_Exercise materials_

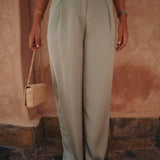 DAHAB SAGE GREEN SATIN PANTS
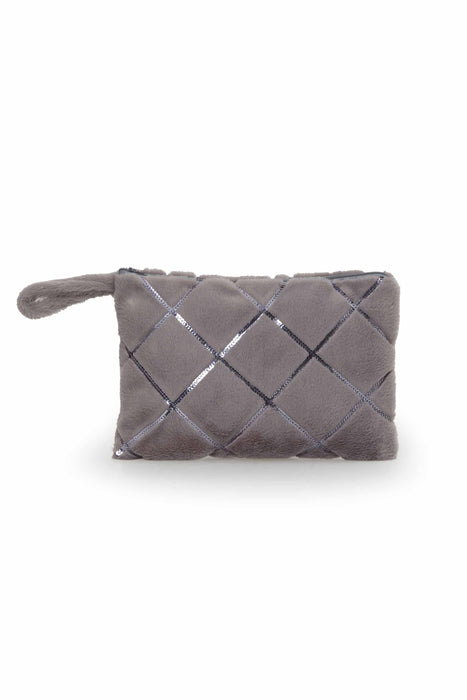 Plush Handbag with Paillette Lines, Sequined Plush Fancy Handbag for Special Occasions, High Quality Plush Women Handbag,CE-19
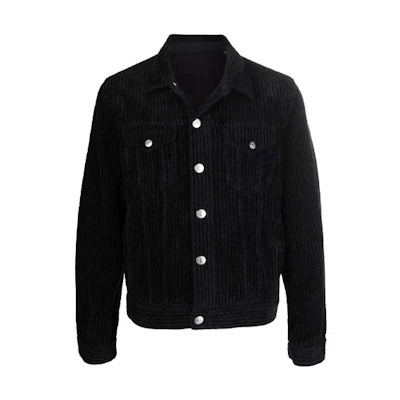 Armani Exchange Black Velvet Corduroy Shirt Jacket 6KZB35-ZNVEZ-1200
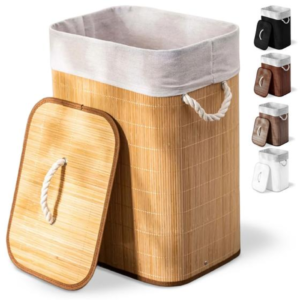Cesto de roupa suja de bambu com tampa e alças 50 litros organizador lavanderia brinquedos - KONTUZ HOME
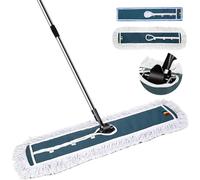 Eukue Balai Serpillère Professionnel, 105m Grande Serpillère en Microfibre avec 2 Tampons, Balais à Plat Serpillere Coton avec Manche INOX, Balais Nettoyer Sol pour Bureau, Garage, Entrepôt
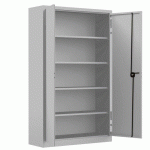 ARMOIRE MÉTAL PORTES BATTANTES MONOBLOC METILY H 198 X L 120 X P 43 CM ALUMINIUM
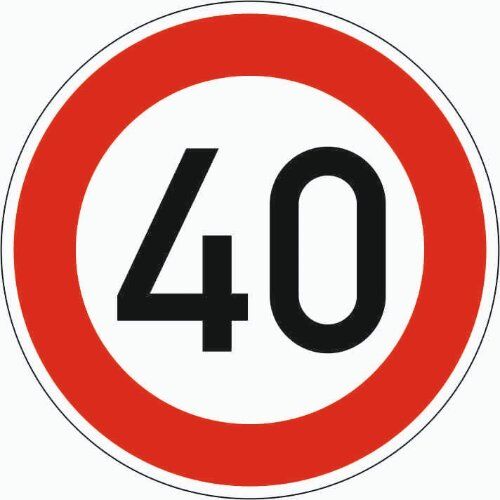  Vorschriftzeichen ADCO Verkehrszeichen 274-40 Zulässige Höchstgeschwindigkeit 40 km/h, Ø 600 mm, Alu 2 mm, RA2 12355926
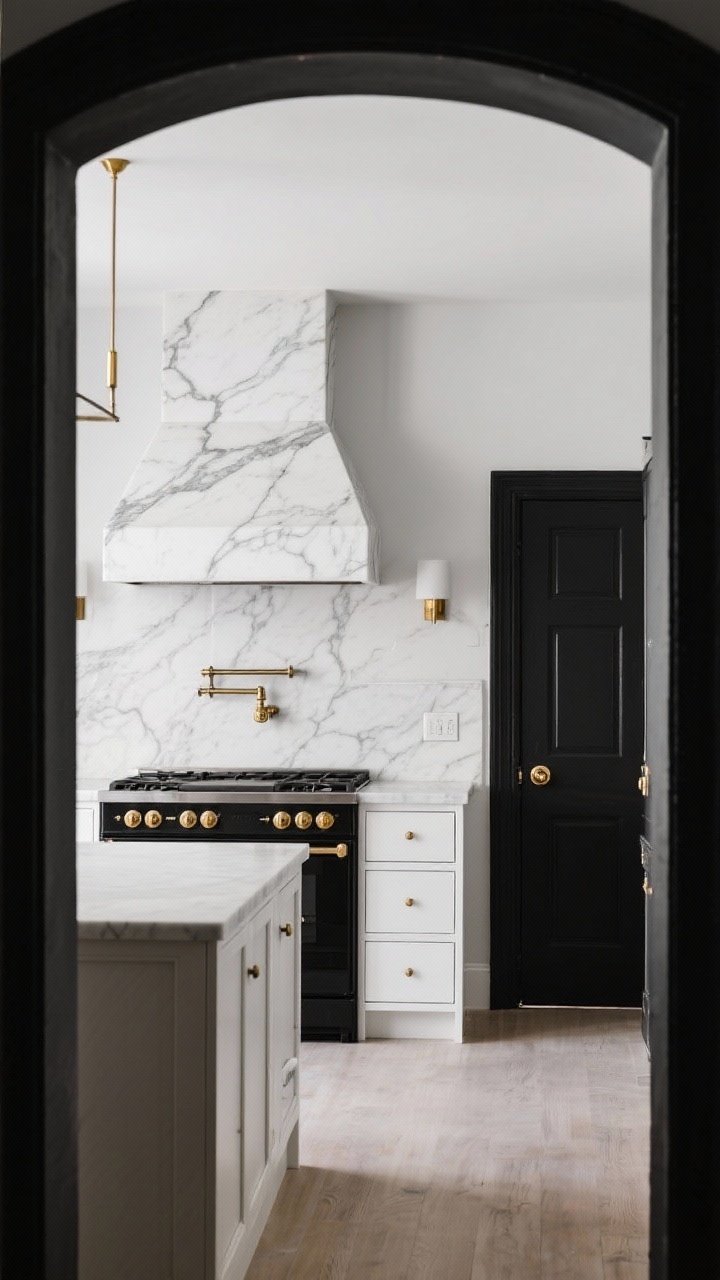 Wide entry view: A black-and-white kitchen with a single bold focal point centered on the sightline—a sculptural white marble range hood with dramatic veining above a black range with brass knobs; supporting elements remain quiet: flat-front white cabinets, subtle brass sconce, and a painted black interior door with a vintage brass knob; warm, editorial lighting for emphasis.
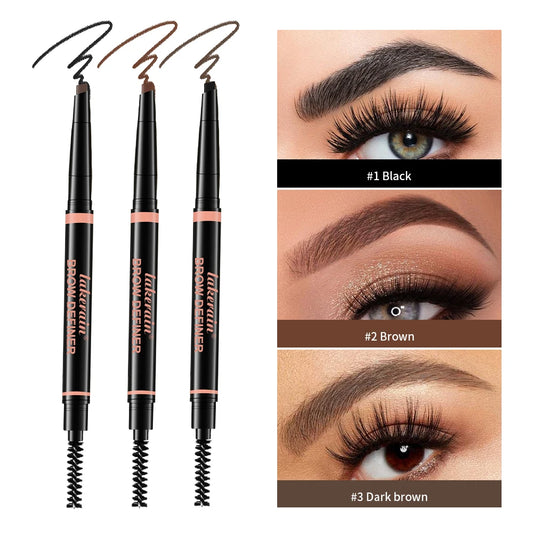Waterproof Triangular Tip Eyebrow Pencil with Grooming Brush
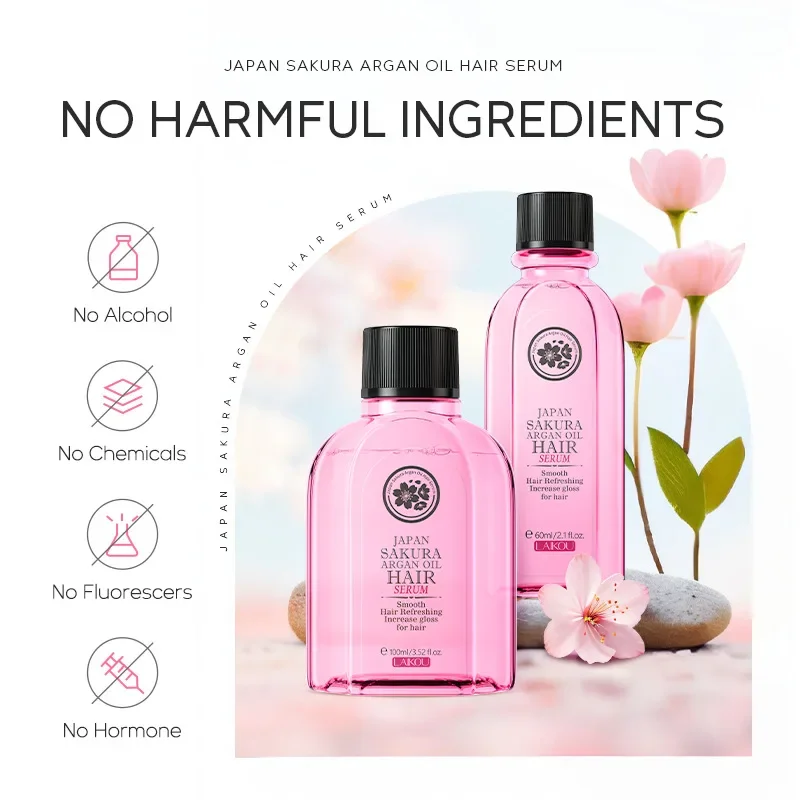 LAIKOU Japan Sakura Argan Hair Serum 100ml Anti Frizz Smooth Gloss Repair Dry Split Ends Light Scent Care Oil For Damaged Hair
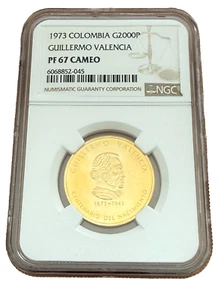 Colombia Columbia 1973 Gold 2000 Pesos NGC PF67 Cameo Guillermo Valencia - Picture 1 of 2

_About this task_
Only the pictures are dropped. Otherwise, write out the listing exactly.

_Exercise output_
 DAHAB SAGE GREEN SATIN PANTS
 Plush Handbag with Paillette Lines, Sequined Plush Fancy Handbag for Special Occasions, High Quality Plush Women Handbag,CE-19
 Armani Exchange Black Velvet Corduroy Shirt Jacket 6KZB35-ZNVEZ-1200
Cesto de roupa suja de bambu com tampa e alças 50 litros organizador lavanderia brinquedos - KONTUZ HOME
 Eukue Balai Serpillère Professionnel, 105m Grande Serpillère en Microfibre avec 2 Tampons, Balais à Plat Serpillere Coton avec Manche INOX, Balais Nettoyer Sol pour Bureau, Garage, Entrepôt
 ARMOIRE MÉTAL PORTES BATTANTES MONOBLOC METILY H 198 X L 120 X P 43 CM ALUMINIUM
  Vorschriftzeichen ADCO Verkehrszeichen 274-40 Zulässige Höchstgeschwindigkeit 40 km/h, Ø 600 mm, Alu 2 mm, RA2 12355926
 Wide entry view: A black-and-white kitchen with a single bold focal point centered on the sightline—a sculptural white marble range hood with dramatic veining above a black range with brass knobs; supporting elements remain quiet: flat-front white cabinets, subtle brass sconce, and a painted black interior door with a vintage brass knob; warm, editorial lighting for emphasis.
Waterproof Triangular Tip Eyebrow Pencil with Grooming Brush
 LAIKOU Japan Sakura Argan Hair Serum 100ml Anti Frizz Smooth Gloss Repair Dry Split Ends Light Scent Care Oil For Damaged Hair
 Colombia Columbia 1973 Gold 2000 Pesos NGC PF67 Cameo Guillermo Valencia - Picture 1 of 2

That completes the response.